Happy Marmot Day!
We don’t know what rodent you folks celebrate in the Lower 48, but in Alaska today is officially Marmot Day.
And while the question of whether or not we’ll have six more weeks of winter is generally laughable in a state where you’re not allowed to complain unless it’s still snowing in May, today is looking mighty spring-like in this corner of the Last Frontier.
For those of you curious about the origin and purpose of Marmot Day, there is an amusing Wikipedia entry detailing Senate Bill 58, and how it came to be.
Senate Bill 58, sponsored by Sen. Linda Menard, R-Wasilla, was first introduced by the late Dr. Curtis Menard, Linda Menard’s husband and former state legislator.
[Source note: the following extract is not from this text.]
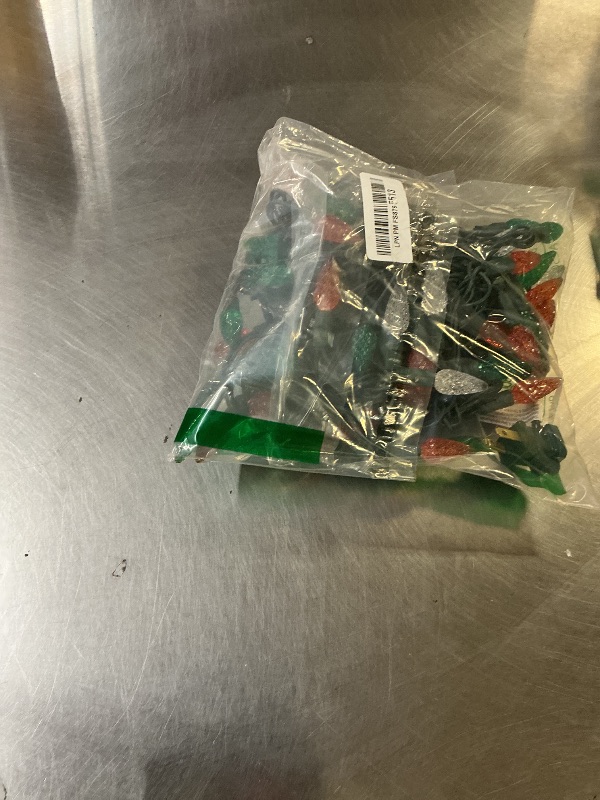 Photo 1 of ???Novelty Lights 24FT 70 LED C6 LED St. Patrick's Day String Lights, Outdoor Christmas Tree Commercial Grade LED String Lights, Christmas Lights Outdoor Tree Decorations Outdoor (Green/White/Orange)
Concerned by the gradual decline of Alaska’s folk values, and worried that the 49th state would become a suburb of Houston both culturally and economically, Dr. Menard drew a line in the sand with his idea of creating Marmot Day in the 1990s. After getting stuck in a committee while politics was played, the controversial Marmot Day bill died in the legislature. Sen. Linda Menard reintroduced the bill for the 26th Alaska Legislature, and the bill passed by a Marmot’s whisker on the second to last day of the legislative session, and Sarah Palin signed it into law. As Senator Menard said, “By recognizing the marmot, our state [built] a tradition and legacy to be built on for future generations.
We, too, are worried that Alaska might become “a suburb of Houston.” May we humbly suggest that if Marmot Day alone does not stem the tide of Texification, the legislature might want to refrain from giving away our budget surplus to the oil companies located there. But that’s another story for another day.